The arrests of activists who have been demonstrating outside a jail in Moscow where opposition leaders Boris Nemtsov, Ilya Yashin, Eduard Limonov and Konstantin Kosyakin are being kept in custody provide evidence that the law needs changing, Mikhail Fedotov told Interfax.

The four leaders have been sentenced to between five and 15 days' arrest in what rights activists have branded as "brutal reprisals." Rights activists were particularly outraged by the penalty given to Nemtsov, who was arrested during a rally in the center of Moscow that had been permitted by the authorities.

"The minimum we need are official interpretations of standards set by the law on rallies and demonstrations, and the maximum we need is to change those standards. We should abandon the notion of 'one person picket.' Instead, we need a notion of a picket by 10 to 15 people, something the authorities wouldn't need to be notified of in advance," Fedotov said in his interview with Interfax.

The Solidarity opposition party said several dozen activists were arrested on Tuesday outside the detention center on Simferopolsky Boulevard, where Nemtsov, Yashin, Limonov and Kosyakov are being kept.

"Our law on rallies and demonstrations doesn't seem to me to be clear enough. What is a one person picket? If there are five people standing in a space of 10 square meters, and each is holding a banner saying he is a one person picketer, is that a one person picket or a group picket, something that needs official approval?" Fedotov said.

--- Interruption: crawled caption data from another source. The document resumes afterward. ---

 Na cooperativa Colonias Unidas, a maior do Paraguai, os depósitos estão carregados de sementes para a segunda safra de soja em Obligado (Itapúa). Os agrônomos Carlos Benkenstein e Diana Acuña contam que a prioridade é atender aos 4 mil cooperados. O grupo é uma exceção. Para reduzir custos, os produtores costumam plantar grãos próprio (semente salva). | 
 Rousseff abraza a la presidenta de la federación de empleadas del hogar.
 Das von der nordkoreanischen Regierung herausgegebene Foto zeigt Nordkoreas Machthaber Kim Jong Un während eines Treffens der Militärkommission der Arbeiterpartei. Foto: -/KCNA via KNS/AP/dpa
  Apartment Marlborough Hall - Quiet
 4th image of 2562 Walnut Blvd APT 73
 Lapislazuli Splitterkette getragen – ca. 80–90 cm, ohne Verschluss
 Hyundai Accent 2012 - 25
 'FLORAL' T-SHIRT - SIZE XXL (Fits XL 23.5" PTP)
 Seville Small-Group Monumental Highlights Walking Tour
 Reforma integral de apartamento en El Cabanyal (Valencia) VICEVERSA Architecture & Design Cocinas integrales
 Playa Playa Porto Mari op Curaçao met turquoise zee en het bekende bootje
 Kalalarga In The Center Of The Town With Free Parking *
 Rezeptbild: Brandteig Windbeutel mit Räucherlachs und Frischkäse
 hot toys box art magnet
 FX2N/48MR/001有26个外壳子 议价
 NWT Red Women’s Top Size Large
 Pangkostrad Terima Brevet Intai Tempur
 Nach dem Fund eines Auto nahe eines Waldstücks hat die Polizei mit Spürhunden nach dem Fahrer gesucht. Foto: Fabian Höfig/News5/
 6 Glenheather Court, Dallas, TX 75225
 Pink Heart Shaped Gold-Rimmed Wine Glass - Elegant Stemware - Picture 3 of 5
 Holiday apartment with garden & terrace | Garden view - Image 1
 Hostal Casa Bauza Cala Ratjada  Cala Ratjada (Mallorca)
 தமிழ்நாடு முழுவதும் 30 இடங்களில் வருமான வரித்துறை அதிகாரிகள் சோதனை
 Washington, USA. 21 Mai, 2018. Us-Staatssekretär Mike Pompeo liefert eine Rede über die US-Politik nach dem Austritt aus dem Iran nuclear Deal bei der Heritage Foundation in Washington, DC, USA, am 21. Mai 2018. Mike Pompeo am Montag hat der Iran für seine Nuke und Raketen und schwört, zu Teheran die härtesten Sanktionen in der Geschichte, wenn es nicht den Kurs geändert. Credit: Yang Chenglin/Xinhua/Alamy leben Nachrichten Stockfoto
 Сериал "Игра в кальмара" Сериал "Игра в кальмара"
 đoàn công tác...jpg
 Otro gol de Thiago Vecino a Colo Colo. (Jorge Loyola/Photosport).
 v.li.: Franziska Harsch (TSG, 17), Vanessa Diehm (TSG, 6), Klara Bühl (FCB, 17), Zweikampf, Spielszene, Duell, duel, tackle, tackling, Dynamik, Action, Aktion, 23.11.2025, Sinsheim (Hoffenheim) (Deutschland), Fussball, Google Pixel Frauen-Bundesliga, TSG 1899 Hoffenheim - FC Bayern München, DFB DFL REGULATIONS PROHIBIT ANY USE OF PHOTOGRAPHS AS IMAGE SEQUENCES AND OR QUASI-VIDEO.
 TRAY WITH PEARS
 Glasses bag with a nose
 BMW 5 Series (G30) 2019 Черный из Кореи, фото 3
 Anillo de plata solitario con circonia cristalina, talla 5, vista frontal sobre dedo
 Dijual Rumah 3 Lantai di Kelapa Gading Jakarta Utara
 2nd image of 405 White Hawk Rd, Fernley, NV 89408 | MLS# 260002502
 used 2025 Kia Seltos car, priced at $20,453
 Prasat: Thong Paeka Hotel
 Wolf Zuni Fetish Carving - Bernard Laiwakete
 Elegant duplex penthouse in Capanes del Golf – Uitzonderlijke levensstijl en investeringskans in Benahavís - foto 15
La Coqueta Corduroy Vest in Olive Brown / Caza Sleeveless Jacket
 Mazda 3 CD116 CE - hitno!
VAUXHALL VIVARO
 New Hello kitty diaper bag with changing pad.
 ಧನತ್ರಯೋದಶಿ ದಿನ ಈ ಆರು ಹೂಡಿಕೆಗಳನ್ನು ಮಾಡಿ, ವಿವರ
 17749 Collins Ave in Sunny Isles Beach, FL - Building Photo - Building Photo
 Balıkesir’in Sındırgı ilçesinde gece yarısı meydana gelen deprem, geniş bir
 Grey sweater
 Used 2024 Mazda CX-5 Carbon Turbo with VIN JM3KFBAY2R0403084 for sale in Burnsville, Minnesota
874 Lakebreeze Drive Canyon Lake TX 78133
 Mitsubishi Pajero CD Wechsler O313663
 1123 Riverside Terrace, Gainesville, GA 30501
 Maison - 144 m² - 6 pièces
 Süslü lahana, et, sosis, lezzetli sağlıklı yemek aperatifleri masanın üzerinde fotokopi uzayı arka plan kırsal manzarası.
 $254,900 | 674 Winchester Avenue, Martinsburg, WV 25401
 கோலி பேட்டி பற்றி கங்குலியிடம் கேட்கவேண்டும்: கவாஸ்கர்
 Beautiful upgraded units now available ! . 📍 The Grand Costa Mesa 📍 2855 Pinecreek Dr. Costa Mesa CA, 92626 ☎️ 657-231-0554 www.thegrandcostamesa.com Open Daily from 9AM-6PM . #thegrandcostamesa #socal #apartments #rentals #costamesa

"Very recently one person pickets of this kind in support of Oleg Kashin were held outside the building of the (Moscow city police authority), and no one arrested anyone. It was absolutely obvious that there was one person standing with a banner and that there were 10 journalists next to him and 20 fellow protests a little way off. That was a fiction and not a one person picket. Why, in the Kashin case, the police were looking the other way but now are sharply reacting to pickets in defense of the opposition activists who were arrested after the rally of December 31? I can't understand this selective law enforcement," Fedotov said.

Fedotov said he was present at the start of the December 31 rally on Triumfalnaya Square in central Moscow, during which Nemtsov and others were arrested, but that he did not register any offenses on the part of either the rally participants or the police.

"It's true that the government came under extremely sharp criticism at the rally, but that's what our freedom of speech is all about," Fedotov said.

"I personally didn't notice any clash between those holding the rally and police. What happened later means the police hadn't been very efficient in setting the routes for people to take in leaving the place after the rally. As far as I can see, according to eyewitnesses, a tense situation evolved where people wanted to get to the subway but police were sending them in another direction," Fedotov said.

"Let's not forget that, after the events on Manezhnaya Square, our law enforcement agencies are nervous. It may have been the result of that nervousness that they were following old scenarios," he said.

"I'm sure that this entire story will receive consideration in the Public Council at the (city police authority) and elsewhere. It needs to be found out what caused it. In my view, it all happened out of nothing," Fedotov said.

Nemtsov and Yashin were among dozens of people arrested during the rally on Triumfalnaya Square, which was part of Strategy 31, a series of rallies in defense of Article 31 of the Russian Constitution, which proclaims freedom of assembly. Strategy 31 events are held on the 31st day of every 31-day month.

Saturday's rally was organized by a group of opposition politicians and rights activists, including Lyudmila Alexeyeva, leader of the Moscow Helsinki Group and a former Soviet dissident.

Limonov and some of his supporters planned to hold a rally on Triumfalnaya Square the same day, but Limonov was arrested when leaving his apartment block in Moscow on Saturday evening. The same evening he was sentenced to 15 days' arrest on a charge of petty hooliganism.